What you have to do:
Produce word for word the lines of the data below running from the one that has "2 Painted Diecast Zoo Animals" to the one that has "Building Photo - 2332 Weston Ct", inclusive, and no others.

(Data entries)
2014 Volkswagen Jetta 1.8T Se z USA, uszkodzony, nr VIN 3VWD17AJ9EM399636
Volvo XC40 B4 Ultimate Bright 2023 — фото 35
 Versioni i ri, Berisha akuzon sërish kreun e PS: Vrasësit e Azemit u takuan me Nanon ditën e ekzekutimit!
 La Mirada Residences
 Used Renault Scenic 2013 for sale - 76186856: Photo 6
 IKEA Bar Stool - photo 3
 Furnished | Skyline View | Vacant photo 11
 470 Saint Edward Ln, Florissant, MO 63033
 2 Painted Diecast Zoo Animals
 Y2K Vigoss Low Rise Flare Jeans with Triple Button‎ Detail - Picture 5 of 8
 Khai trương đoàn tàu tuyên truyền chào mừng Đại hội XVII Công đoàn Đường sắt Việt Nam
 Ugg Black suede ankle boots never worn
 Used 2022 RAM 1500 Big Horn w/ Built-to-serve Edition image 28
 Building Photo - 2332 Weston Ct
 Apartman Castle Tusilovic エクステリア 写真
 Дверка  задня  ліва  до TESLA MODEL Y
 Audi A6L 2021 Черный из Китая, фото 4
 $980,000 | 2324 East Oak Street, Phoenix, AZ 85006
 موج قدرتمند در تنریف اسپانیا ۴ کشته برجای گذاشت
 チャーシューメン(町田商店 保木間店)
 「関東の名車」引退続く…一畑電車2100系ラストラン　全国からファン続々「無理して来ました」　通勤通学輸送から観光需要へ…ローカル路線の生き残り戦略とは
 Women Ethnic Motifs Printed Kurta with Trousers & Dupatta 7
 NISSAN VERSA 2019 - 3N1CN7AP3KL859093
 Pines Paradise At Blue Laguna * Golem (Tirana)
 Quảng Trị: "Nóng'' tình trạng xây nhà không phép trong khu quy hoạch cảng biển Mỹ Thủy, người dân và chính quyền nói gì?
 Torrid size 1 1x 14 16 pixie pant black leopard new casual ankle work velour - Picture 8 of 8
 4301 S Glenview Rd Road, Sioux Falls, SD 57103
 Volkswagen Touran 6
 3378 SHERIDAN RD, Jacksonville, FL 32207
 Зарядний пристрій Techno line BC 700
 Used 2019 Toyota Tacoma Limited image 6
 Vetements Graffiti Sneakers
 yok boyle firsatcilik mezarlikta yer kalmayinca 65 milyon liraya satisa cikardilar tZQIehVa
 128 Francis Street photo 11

Expected output:
 2 Painted Diecast Zoo Animals
 Y2K Vigoss Low Rise Flare Jeans with Triple Button‎ Detail - Picture 5 of 8
 Khai trương đoàn tàu tuyên truyền chào mừng Đại hội XVII Công đoàn Đường sắt Việt Nam
 Ugg Black suede ankle boots never worn
 Used 2022 RAM 1500 Big Horn w/ Built-to-serve Edition image 28
 Building Photo - 2332 Weston Ct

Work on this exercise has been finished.